→ **Activity**: Could you restate the data word for word and drop the pictures?

→ **Data block**:
_____
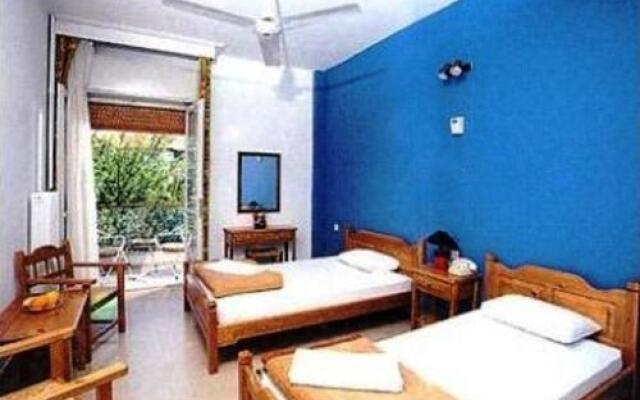 Izela Hotel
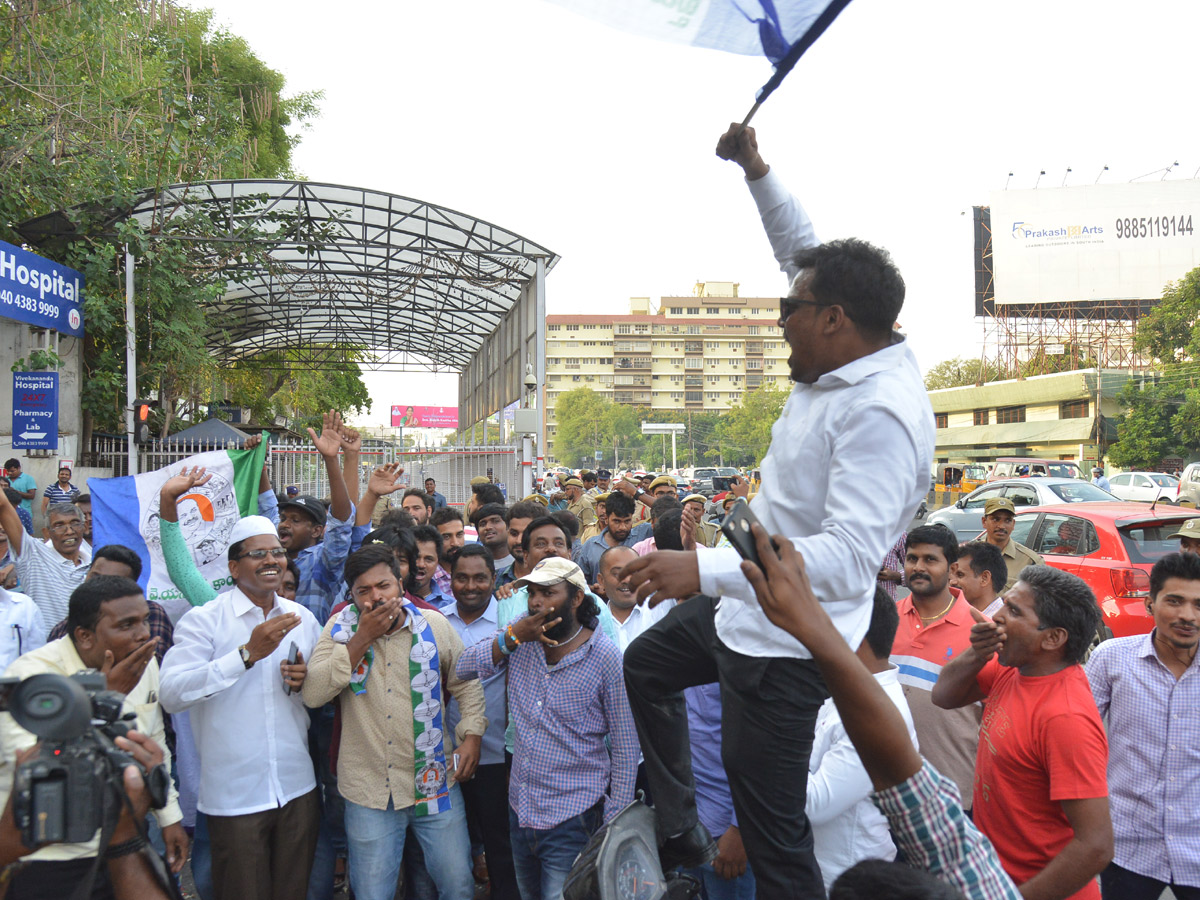 YSRCP Chief YS Jagan receives a grand welcome at Hyderabad Photo Gallery - Sakshi5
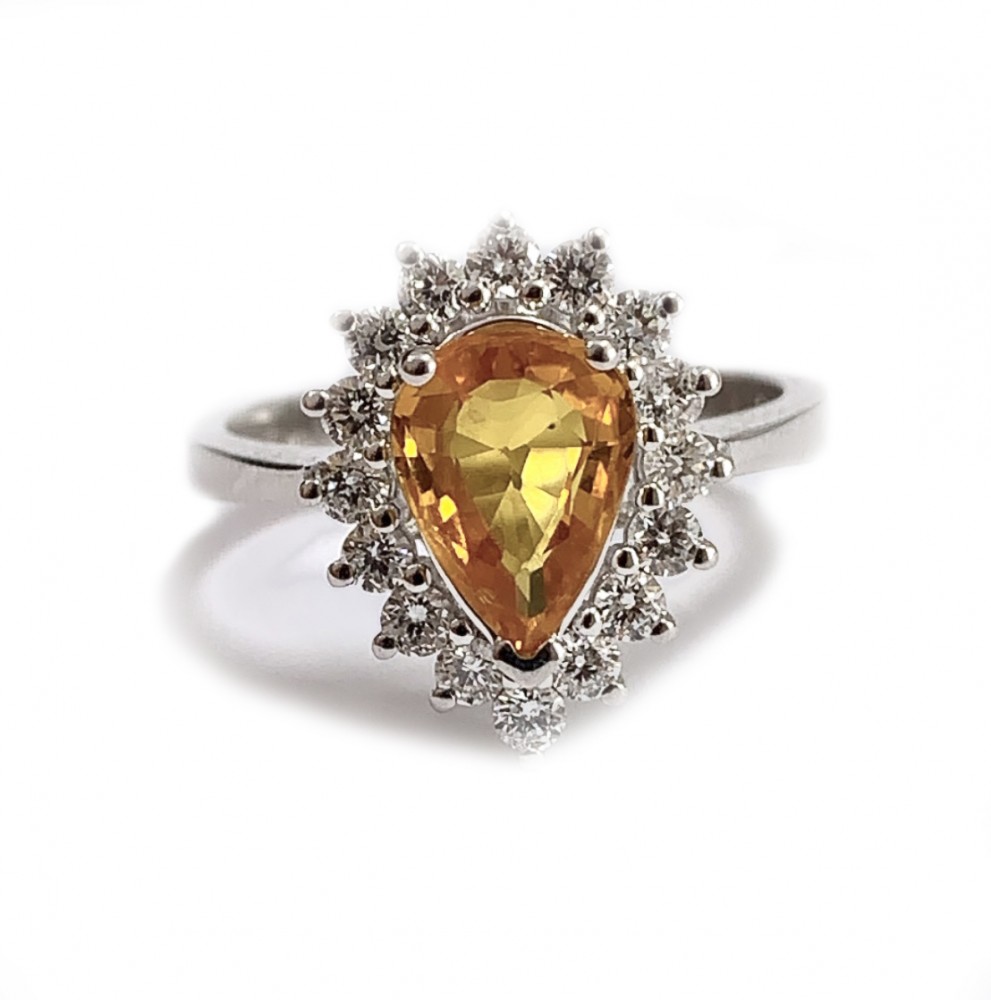 Ring with 1.80 ct central Sapphire and 0.54 ct diamonds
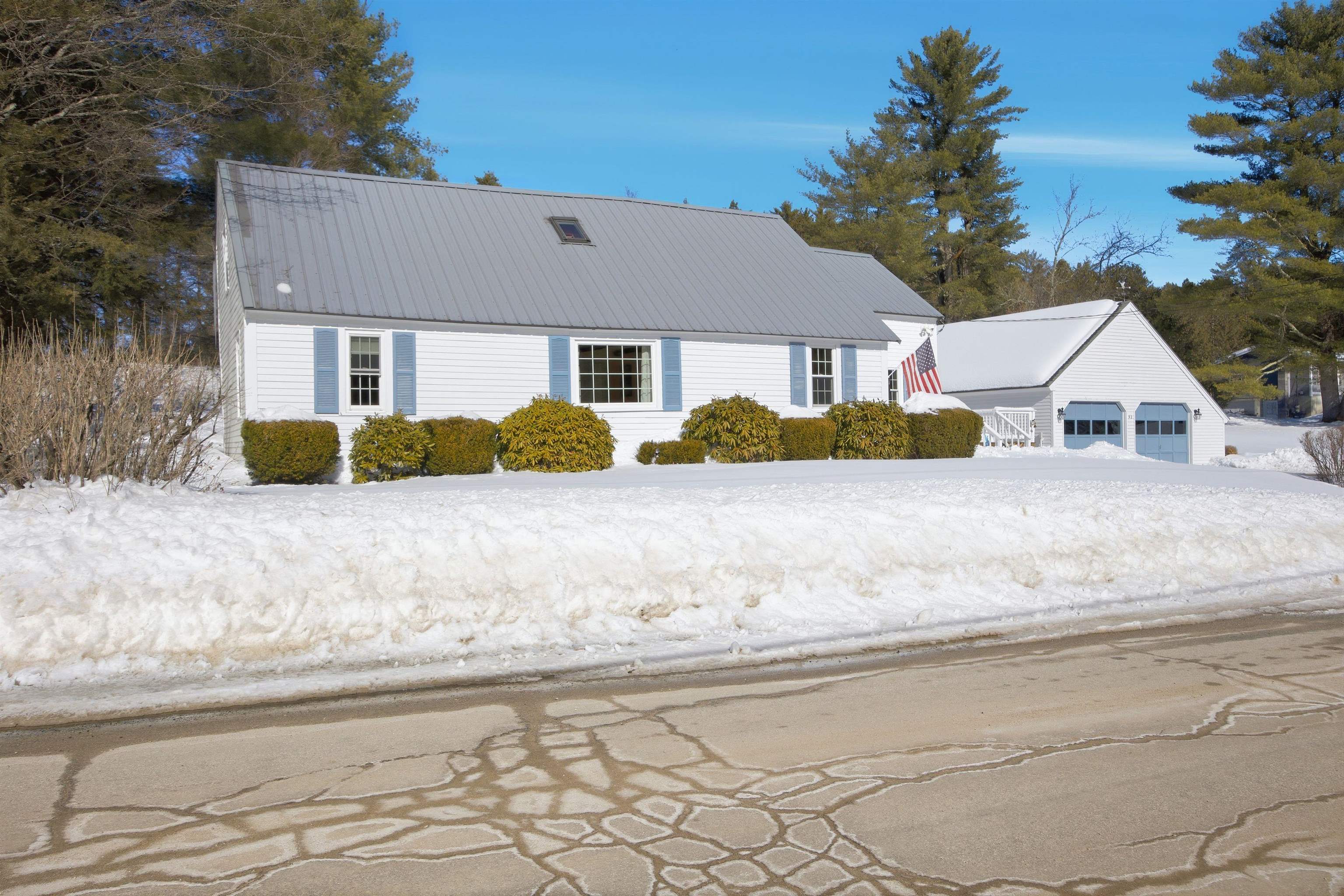 92 Waterloo St, Warner, NH 03278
_____
→ **Task solution**:
 Izela Hotel
 YSRCP Chief YS Jagan receives a grand welcome at Hyderabad Photo Gallery - Sakshi5
 Ring with 1.80 ct central Sapphire and 0.54 ct diamonds
 92 Waterloo St, Warner, NH 03278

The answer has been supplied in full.